When doing this, the higher you throw the ball, the more it will pull on your abs. Also, if you toss the ball to where you are catching it in front of your face instead of down by your belly or at your chest, it will pull harder on your abs (which is good), especially on your lower abs. I usually do about 10-15 reps. The last thing I would say is to make sure you are tossing the ball straight up so that it lands in the center of your body and not off to the side. If you catch it to the side too much, you could develop a twist in your abs.
-Standing free weight swing
Once again, this is something that me and my buddy either came up with or ran across that I do just about every day. I would use either a 25 lb or 35 lb free weight like you would put on a barbell. Stand (usually in front of a mirror) with your feet slightly more than shoulder width apart, with knees bent so that you are almost leaning back. Then hold the weight out in front of you and move it straight up and down, while you concentrate on squeezing your abs. The motion should be kind of like you have a girl riding you, and you are "guiding her" up and down

(sorry for that, but it's the only way I know how to describe it without videos). Do 10-15 reps.
The next sequence of this exercise, you swing the weight diagonally at a 45 degree angle to the ground and swing it up above your shoulder. It should feel similar to as if you are chopping wood. Swing the weight back and forth, concentrating on catching the force of the weight with your obliques. Do about 10 reps per side. Much like the medicine ball toss, the harder that you swing the weight, the more it will rip on your abs. This exercise is all about balance.
-Flat bench ab workouts
For this workout, I simply sit on a flat bench sideways. You could also sit on the edge of a table. I begin by extending my legs and then bringing them into my body. Once again, this is about muscle concentration. Work on squeezing your abs as you pull your legs into your body. Do about 15-20 reps. Do not hold onto the bench while you do this, and do not let your legs hit the floor. Balancing helps work your abs.

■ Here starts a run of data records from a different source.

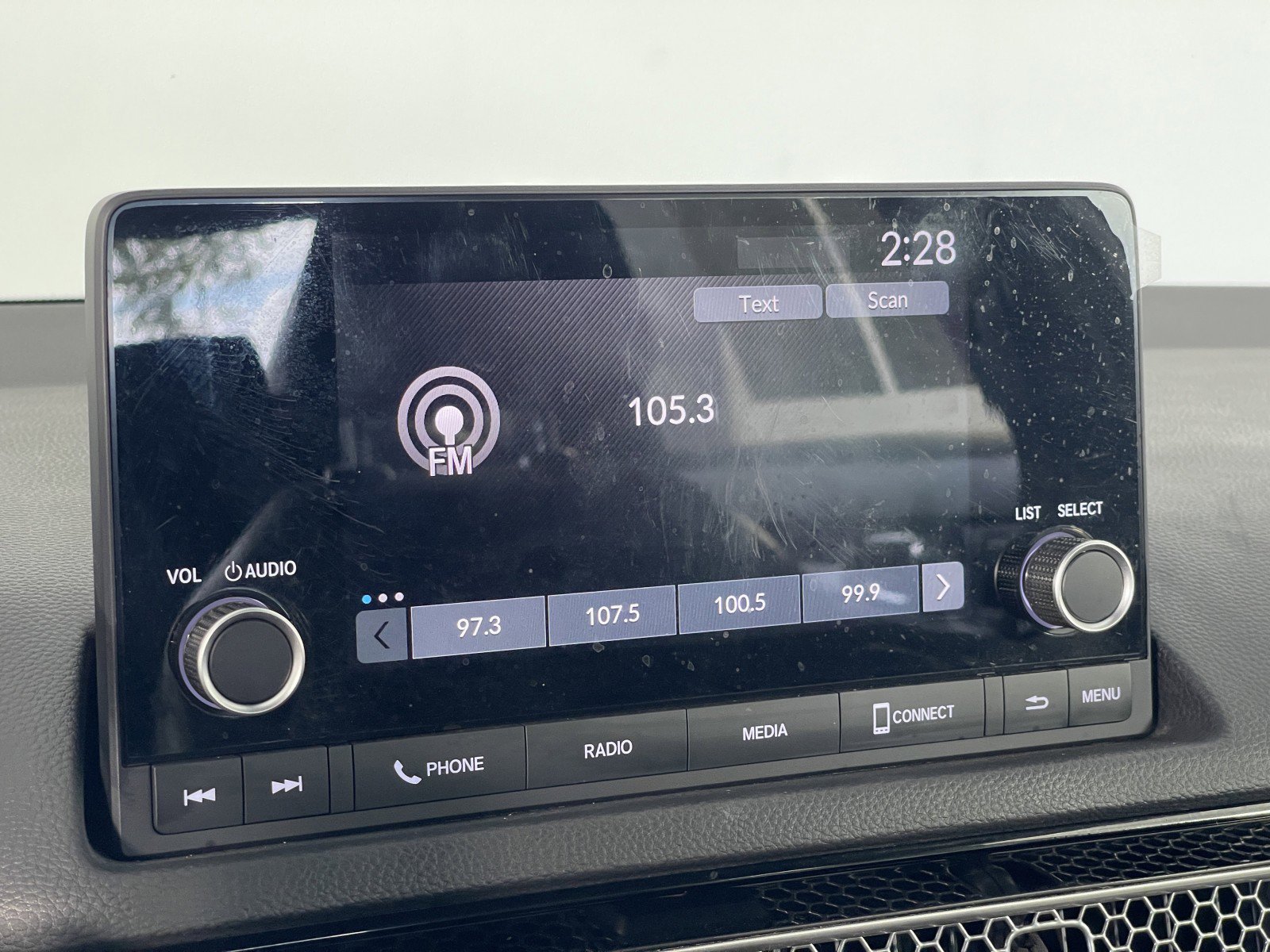 Used 2022 Honda Civic Sport image 27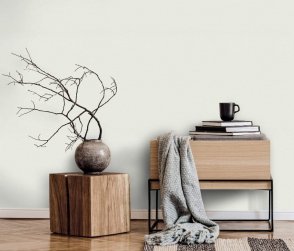 Обои Erismann Melange Melange 12215-31 изображение 2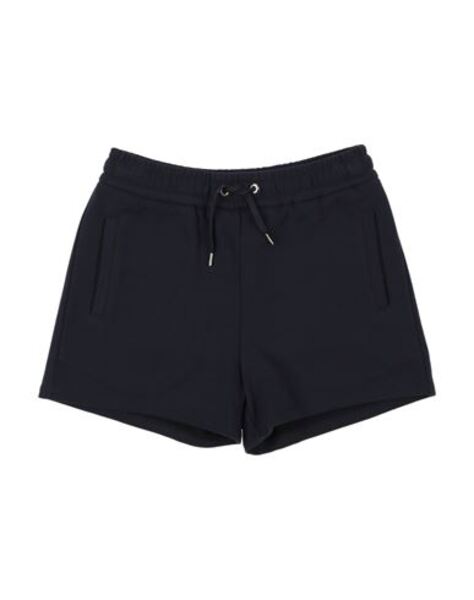 Chloé - Bottomwear - Shorts E Bermuda - On Yoox.com 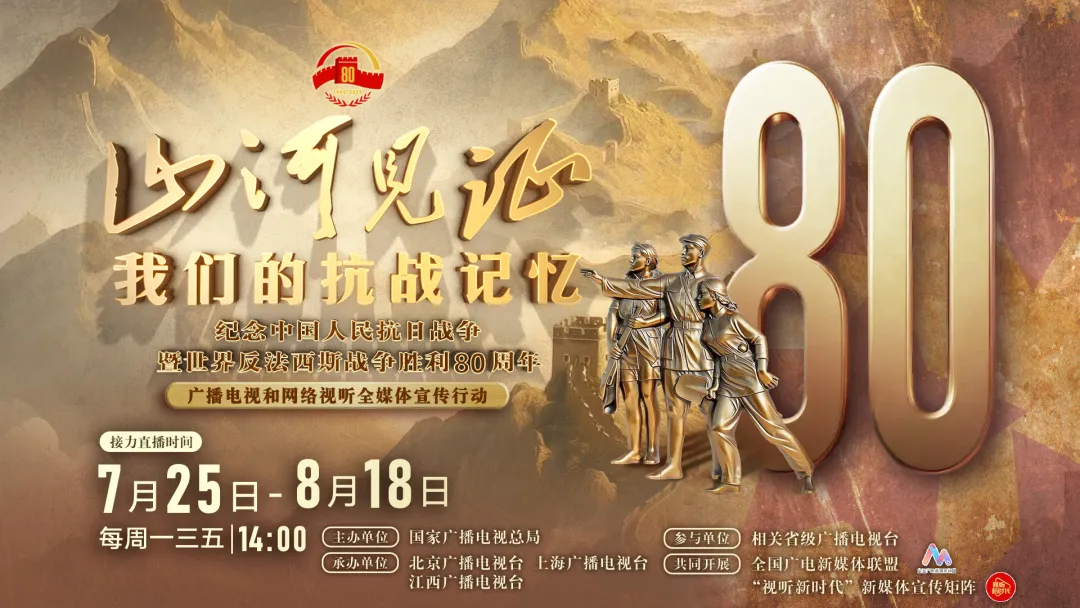 图1.png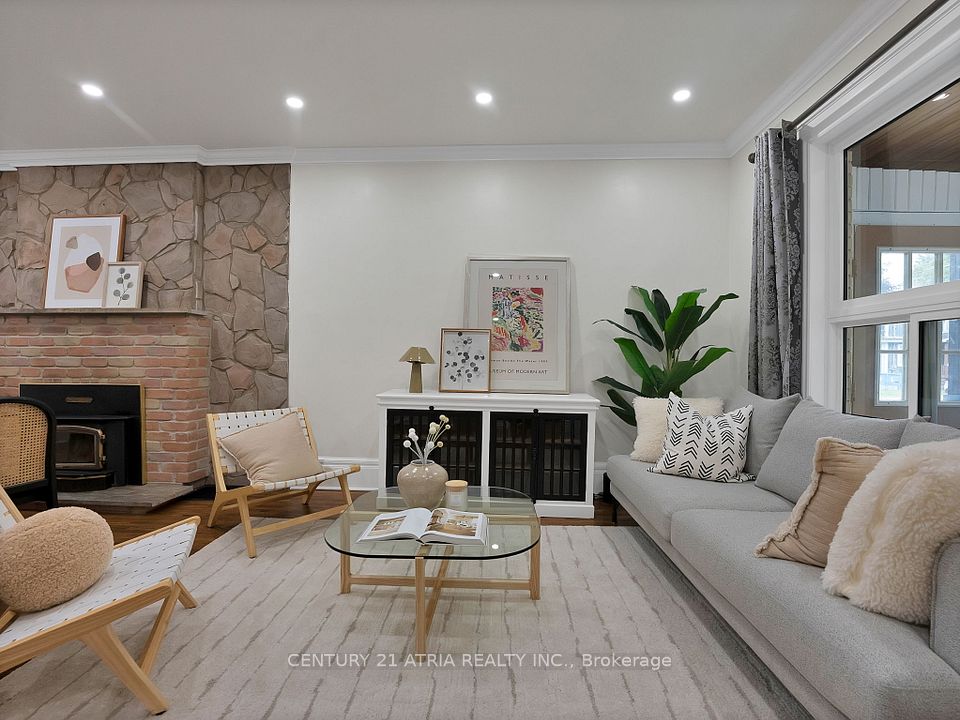 32 Rosevear Avenue, Toronto, ON M4C 1Z3 at 32 Rosevear Avenue, Toronto, ON M4C 1Z3, Toronto E03, ON, M4C 1Z3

Next, work your obliques by bringing your left knee to your right elbow, and vice versa. Do as many as you can do. The faster you do it, and the more you exaggerate the motion, the more it works your core.
For the next motion on the flat bench, you can allow your hands to hold you in place. Simply extend your legs parallel to the ground and just do scissor kicks as quickly as you can do them. Once again, concentration on ab muscles is what makes this workout effective.
-cable crunches
This one is really easy on your back. On the cable system, attach the rope handle if you have one. I usually set the weight at anywhere from 150-200 lbs. Grab the rope handles and go down to your knees. All you are going to do is squeeze your abs and do a crunch, pulling the weight down to the floor. It's a really simple exercise and depending on how much you concentrate your abs, it could be the best one of all of them.
-Ab ball flex
For this, simply grab an ab ball or yoga ball (preferrably a small to medium sized one) and sit on it with feet anchored against the wall. You will want to sit up pretty high on the ball and just squeeze your abs as hard as you can for a few seconds at a time. The harder you squeeze, the better it will work. Really simple and really easy.